Ed Support Thoughts

Therapy for Children with Special Needs

Our students are very lucky to have the benefit of a variety of therapists working with them; some funded by the government through Disability Services Commission (DSC) or National Disability Insurance Scheme (NDIS) and some funded privately by parents.  Increasingly, therapists visit the students at school, work with them there and train staff in how to work with them.  We provide (as much as we are able in our little school) a small area for them to work individually with various students, some of them have weekly visits at times.  Therapists also have individual meetings with staff and give them written reports of their findings with ideas for how to work with students in class, objectives to be added to their IEPs and so on.  This all works well.

However, our experience has shown that all of this additional work being put in at school to help a student may be in vain if the parents are not also using similar strategies successfully at home.  We have seen an increase in the number of parents who have a limited understanding of the disability of their child or emotional regulation or behaviour modification and sometimes have no interest in having therapists attend their homes (they have the concept that ‘all that stuff can be done at school’).  Many therapists do at least seem to make attempts to work with parents at home but others seem content to come and do what they do just at school and of course this also fits in well with their working hours.  However, if parents are unwilling or unable to interact consistently with their children at home, any therapeutic work carried out at school will have a limited impact long term.

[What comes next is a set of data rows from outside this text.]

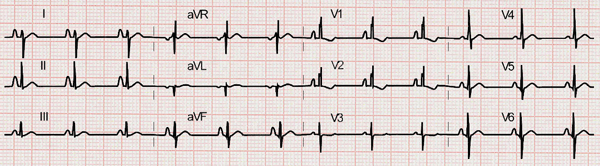 Electrocardiograma de Comunicación Interauricular tipo Ostium Secumdum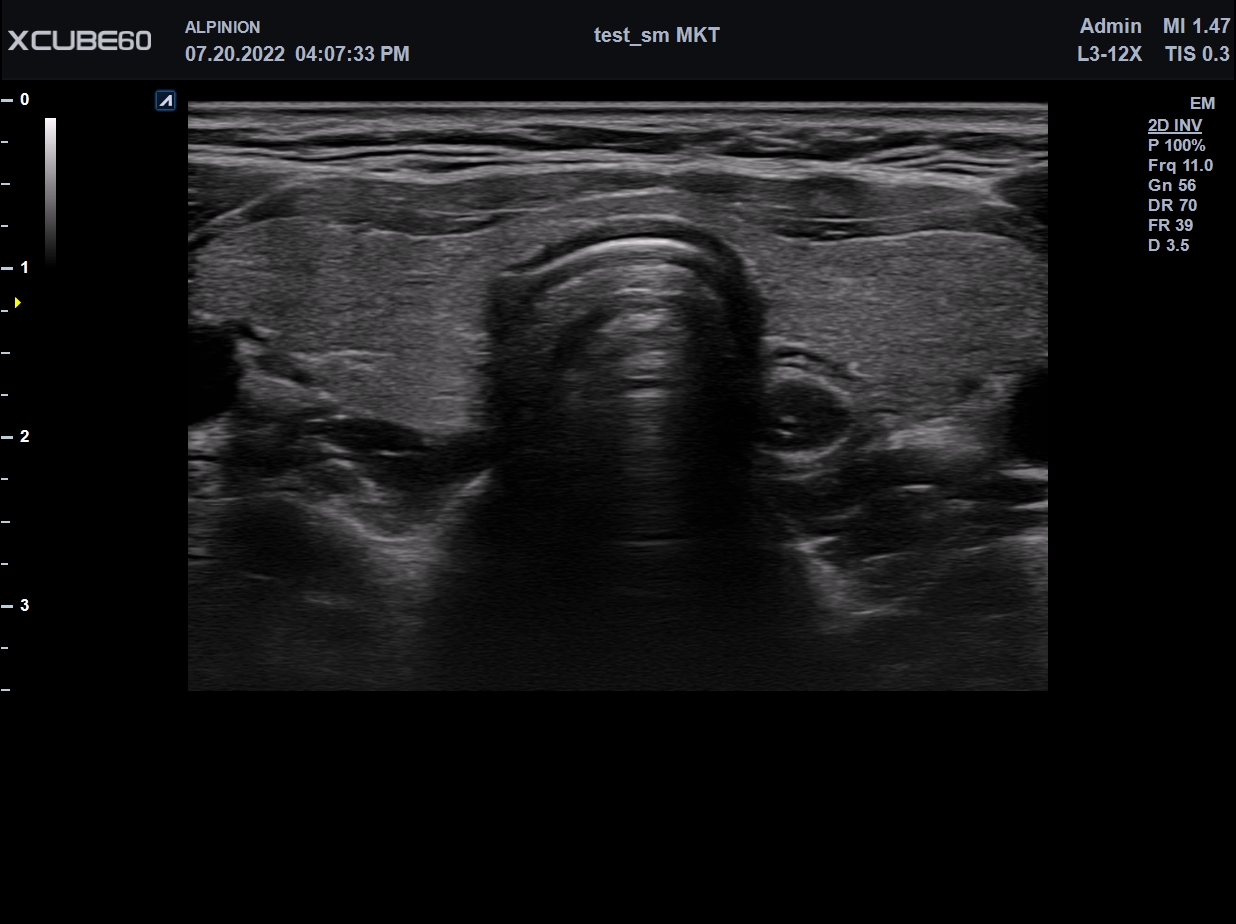 Liver in CF mode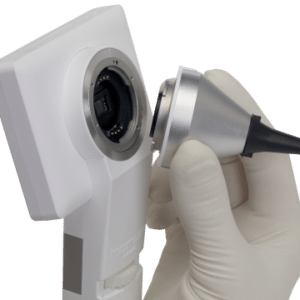Lente para Otoscopia de camara multidiciplinaria Horus-0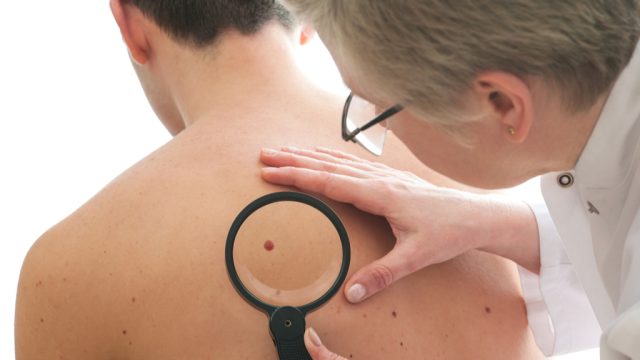 Skin Cancer, skin cancer facts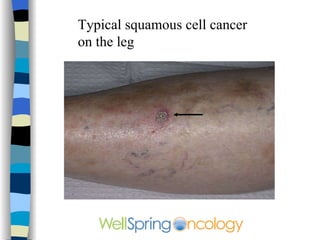Typical squamous cell cancer on the face and scalp 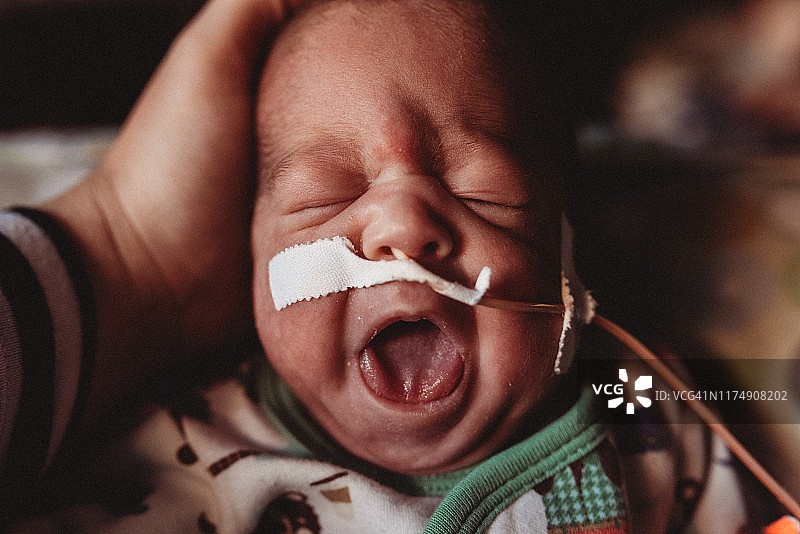 早产29周的双胞胎在医院的NICU里被母亲抱在怀里哭泣图片素材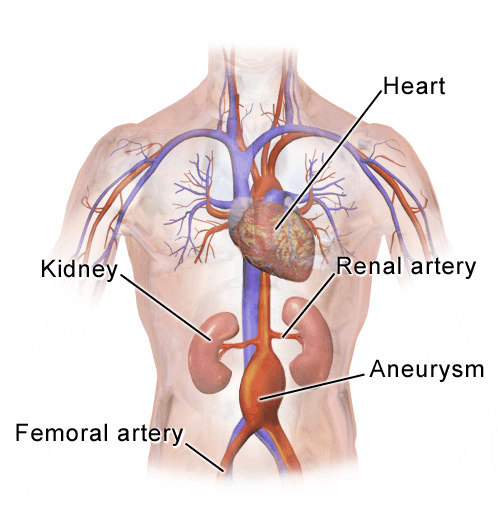 Location of Abdominal Aortic Aneurysm SimpleMed Location of Abdominal Aortic Aneurysm SimpleMed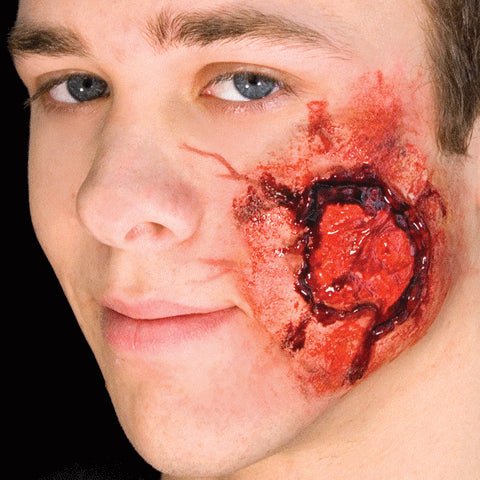 Open Wound with Muscle Tissue Latex Injury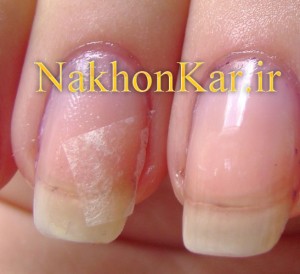 ترمیم ناخن شکسته شده , روش ترمیم ناخن شکسته ,نحوه ترمیم ناخن شکسته,چگونگی , چسباندن ناخن شکسته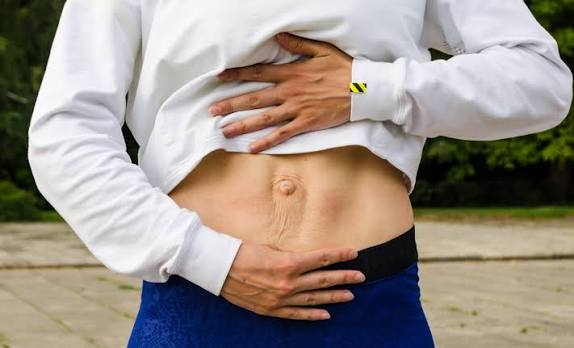 When Could Diastasis Recti Be the Missing Piece of the Puzzle Yeovil?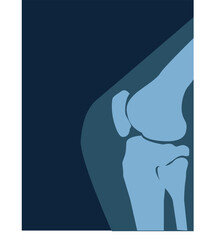  X ray image of the knee
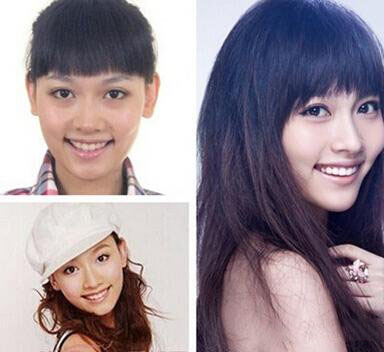 孙骁骁整容曝光 整容前后照吓坏前男友 孙骁骁整容曝光 整容前后照吓坏前男友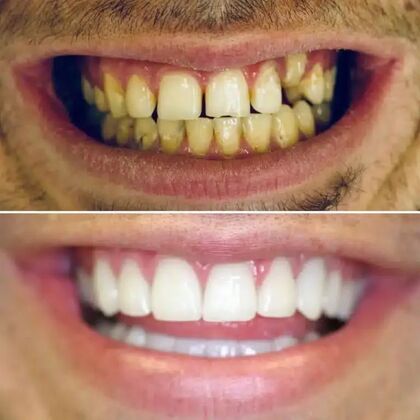 Smile Gallery  Case 37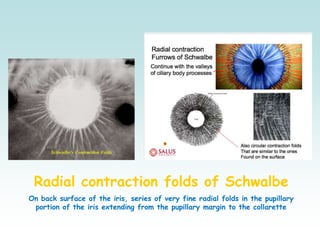 Radial contraction folds of Schwalbe
On back surface of the iris, series of very fine radial folds in the pupillary
portion of the iris extending from the pupillary margin to the collarette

Therefore, I believe that we need to be careful not to fall into complacency.  It would be easy to take the money from DSC or NDIS, spend funds on teaching school staff (who may already be highly trained) how to work with their students and meanwhile neglect the more vital task of educating and training parents to work with and interact effectively with their children.   At Mount Hawthorn ESC we have seen that the educational and behavioural successes for a student are highly dependent on the effectiveness of parent input and, without adequate procedures being consistently in place at home, outcomes are likely to be limited.

For all these reasons, I would like to see that NDIS stipulate that a mimimum portion of all therapies (maybe 50%) should be delivered at home with the active input of parents.  It seems to me that otherwise there is the risk that considerable funding will be basically wasted, with a system that looks good and busy but is neglecting a fundamental and essential part of the process, namely involvement of parents in the therapy, training and education of their children.